The angle of elevation of the top of a tower from a point A due north of it is $$\alpha$$ and from a point B at a distance of 9 units due west of A is $$\cos^{-1}\left(\frac{3}{\sqrt{13}}\right)$$. If the distance of the point B from the tower is 15 units, then $$\cot\alpha$$ is equal to

Let the base of the tower be at point $$T$$ and its height be $$h$$. Point $$A$$ is due north of the tower, and point $$B$$ is 9 units due west of $$A$$.

We place $$T$$ at the origin. Since $$A$$ is due north of $$T$$, let the distance $$TA = d$$. Since $$B$$ is 9 units due west of $$A$$, the distance $$TB = \sqrt{d^2 + 81}$$.

We are given that the distance from $$B$$ to the tower (i.e., $$TB$$) is 15 units.
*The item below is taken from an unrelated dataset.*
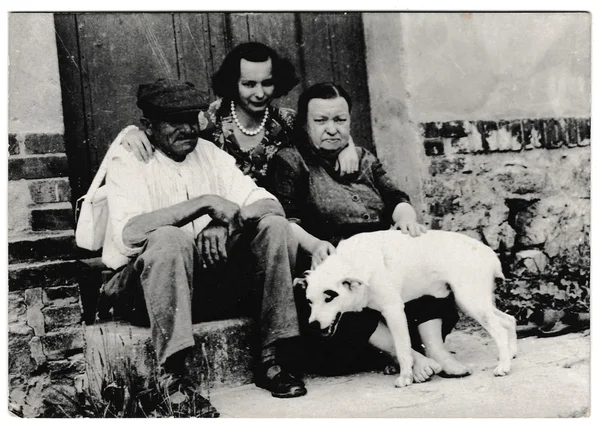 Retro photo shows rural people sit on a doorstep with dog. Black & white vintage photography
So $$\sqrt{d^2 + 81} = 15$$, giving $$d^2 + 81 = 225$$, hence $$d^2 = 144$$ and $$d = 12$$.

Now, the angle of elevation from $$B$$ is $$\beta = \cos^{-1}\!\left(\dfrac{3}{\sqrt{13}}\right)$$. We have $$\cos\beta = \dfrac{3}{\sqrt{13}}$$, so $$\sin\beta = \dfrac{2}{\sqrt{13}}$$ and $$\tan\beta = \dfrac{2}{3}$$.

Since $$\tan\beta = \dfrac{h}{TB} = \dfrac{h}{15}$$, we get $$h = 15 \times \dfrac{2}{3} = 10$$.

The angle of elevation from $$A$$ is $$\alpha$$, with $$\tan\alpha = \dfrac{h}{d} = \dfrac{10}{12} = \dfrac{5}{6}$$.

Hence $$\cot\alpha = \dfrac{1}{\tan\alpha} = \dfrac{6}{5}$$.

Hence, the correct answer is Option A.